> [Activity]: Find the word "QRCode" in the data, then copy each line where it is found.

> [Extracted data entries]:
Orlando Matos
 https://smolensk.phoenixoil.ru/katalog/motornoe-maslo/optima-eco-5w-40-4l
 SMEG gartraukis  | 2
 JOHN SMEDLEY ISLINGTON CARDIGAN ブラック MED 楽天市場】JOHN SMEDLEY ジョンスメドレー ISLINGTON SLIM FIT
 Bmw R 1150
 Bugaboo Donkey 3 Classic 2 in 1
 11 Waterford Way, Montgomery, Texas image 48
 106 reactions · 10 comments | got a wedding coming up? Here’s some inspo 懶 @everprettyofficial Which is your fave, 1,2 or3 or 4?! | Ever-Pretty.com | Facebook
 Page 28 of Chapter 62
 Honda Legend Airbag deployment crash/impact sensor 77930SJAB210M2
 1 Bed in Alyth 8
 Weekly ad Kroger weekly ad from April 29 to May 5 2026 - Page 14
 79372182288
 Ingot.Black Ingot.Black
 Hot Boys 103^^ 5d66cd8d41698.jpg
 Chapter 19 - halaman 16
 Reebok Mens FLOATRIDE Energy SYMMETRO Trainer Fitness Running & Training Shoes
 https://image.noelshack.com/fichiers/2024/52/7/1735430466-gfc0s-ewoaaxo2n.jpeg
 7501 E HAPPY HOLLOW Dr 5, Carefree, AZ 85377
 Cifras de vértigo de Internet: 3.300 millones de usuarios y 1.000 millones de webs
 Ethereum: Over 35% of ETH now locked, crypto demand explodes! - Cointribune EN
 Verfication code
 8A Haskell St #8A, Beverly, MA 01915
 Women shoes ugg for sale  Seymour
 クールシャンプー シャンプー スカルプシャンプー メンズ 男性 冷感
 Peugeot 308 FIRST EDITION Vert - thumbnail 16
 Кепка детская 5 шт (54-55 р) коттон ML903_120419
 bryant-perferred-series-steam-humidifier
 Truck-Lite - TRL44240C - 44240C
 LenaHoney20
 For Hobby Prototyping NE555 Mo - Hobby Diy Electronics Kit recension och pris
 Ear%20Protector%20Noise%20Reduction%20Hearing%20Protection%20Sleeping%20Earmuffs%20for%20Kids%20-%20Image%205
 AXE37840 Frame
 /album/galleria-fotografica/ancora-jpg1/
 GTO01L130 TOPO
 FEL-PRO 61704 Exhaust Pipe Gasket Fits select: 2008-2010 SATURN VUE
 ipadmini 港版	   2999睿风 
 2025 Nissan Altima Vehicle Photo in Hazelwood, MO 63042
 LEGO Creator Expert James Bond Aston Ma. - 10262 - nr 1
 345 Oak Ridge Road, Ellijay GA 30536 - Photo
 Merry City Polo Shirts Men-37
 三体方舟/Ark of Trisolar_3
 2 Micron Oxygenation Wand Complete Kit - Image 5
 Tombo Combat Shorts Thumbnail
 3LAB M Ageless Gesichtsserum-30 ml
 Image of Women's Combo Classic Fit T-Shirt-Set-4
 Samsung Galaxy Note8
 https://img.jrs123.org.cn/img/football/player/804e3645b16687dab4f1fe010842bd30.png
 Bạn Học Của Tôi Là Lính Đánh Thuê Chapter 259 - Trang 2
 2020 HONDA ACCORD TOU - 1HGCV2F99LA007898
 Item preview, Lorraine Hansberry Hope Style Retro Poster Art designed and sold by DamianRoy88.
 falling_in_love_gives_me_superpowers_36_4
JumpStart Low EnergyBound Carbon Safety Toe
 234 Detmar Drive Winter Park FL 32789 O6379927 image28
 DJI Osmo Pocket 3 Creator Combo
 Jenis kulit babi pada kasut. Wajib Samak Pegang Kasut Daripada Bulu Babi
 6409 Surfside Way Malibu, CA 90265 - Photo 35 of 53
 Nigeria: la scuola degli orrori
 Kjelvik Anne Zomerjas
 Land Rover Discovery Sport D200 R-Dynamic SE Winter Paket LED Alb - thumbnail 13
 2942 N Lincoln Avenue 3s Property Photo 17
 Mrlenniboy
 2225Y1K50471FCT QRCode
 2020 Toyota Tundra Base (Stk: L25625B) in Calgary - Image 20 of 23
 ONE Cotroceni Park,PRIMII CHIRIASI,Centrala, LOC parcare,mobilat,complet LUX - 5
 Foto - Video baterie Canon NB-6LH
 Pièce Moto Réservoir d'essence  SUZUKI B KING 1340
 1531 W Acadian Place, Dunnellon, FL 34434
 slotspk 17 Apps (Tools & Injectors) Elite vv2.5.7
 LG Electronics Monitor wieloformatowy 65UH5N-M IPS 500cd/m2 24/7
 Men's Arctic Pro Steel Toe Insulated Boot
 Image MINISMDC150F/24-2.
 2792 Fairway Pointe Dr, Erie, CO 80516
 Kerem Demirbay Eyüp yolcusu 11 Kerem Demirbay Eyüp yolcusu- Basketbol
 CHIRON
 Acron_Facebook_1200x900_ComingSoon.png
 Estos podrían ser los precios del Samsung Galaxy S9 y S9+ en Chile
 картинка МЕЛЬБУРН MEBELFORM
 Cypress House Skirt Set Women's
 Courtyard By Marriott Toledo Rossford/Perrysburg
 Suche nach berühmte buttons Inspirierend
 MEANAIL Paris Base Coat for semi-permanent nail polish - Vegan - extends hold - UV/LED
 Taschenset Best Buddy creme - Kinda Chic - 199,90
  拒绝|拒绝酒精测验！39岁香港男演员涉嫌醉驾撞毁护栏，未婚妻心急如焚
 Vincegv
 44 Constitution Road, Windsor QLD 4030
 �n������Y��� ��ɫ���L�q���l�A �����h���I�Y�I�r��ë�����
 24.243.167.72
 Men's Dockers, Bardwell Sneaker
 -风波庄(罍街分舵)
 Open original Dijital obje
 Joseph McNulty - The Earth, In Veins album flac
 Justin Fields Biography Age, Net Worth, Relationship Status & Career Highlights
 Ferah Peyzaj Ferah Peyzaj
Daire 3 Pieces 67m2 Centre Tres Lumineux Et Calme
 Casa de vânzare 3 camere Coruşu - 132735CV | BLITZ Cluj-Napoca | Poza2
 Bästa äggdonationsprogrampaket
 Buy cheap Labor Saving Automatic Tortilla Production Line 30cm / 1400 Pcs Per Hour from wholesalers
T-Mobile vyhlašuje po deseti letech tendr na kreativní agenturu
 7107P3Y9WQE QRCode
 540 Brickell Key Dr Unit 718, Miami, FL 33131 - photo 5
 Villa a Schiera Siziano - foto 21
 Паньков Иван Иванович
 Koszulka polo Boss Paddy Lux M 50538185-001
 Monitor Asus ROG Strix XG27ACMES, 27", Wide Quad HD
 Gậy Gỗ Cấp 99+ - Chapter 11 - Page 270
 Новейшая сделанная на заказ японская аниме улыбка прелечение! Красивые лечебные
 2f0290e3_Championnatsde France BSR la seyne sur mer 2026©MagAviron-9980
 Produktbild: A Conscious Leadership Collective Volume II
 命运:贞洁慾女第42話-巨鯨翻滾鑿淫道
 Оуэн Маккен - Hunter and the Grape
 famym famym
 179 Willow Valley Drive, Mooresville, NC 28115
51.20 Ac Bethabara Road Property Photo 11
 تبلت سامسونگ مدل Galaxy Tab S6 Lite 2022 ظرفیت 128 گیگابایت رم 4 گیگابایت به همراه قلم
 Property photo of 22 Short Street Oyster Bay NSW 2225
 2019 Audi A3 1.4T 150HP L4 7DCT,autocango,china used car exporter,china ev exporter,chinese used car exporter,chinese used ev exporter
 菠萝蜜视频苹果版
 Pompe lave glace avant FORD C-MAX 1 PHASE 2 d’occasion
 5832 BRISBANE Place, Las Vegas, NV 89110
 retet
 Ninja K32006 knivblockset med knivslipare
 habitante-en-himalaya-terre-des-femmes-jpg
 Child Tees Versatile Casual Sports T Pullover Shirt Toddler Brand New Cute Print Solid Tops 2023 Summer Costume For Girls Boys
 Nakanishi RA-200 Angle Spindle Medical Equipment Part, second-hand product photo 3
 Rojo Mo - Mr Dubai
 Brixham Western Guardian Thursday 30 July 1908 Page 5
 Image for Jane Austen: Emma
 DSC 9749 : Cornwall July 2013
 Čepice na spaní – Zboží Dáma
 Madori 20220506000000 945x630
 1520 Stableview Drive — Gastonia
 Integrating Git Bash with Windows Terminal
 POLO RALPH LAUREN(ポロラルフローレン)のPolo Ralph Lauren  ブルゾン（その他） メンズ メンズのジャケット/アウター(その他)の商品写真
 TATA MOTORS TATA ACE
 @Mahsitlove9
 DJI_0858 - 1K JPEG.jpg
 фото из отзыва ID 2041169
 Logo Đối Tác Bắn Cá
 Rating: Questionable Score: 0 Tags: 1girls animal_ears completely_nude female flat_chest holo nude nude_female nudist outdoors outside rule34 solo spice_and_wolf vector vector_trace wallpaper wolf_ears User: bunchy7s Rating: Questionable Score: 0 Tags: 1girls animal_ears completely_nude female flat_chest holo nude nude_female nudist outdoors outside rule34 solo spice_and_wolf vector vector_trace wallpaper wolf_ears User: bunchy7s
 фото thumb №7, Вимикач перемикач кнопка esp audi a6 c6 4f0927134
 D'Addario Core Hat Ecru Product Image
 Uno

> [Reply to the task]:
 2225Y1K50471FCT QRCode
 7107P3Y9WQE QRCode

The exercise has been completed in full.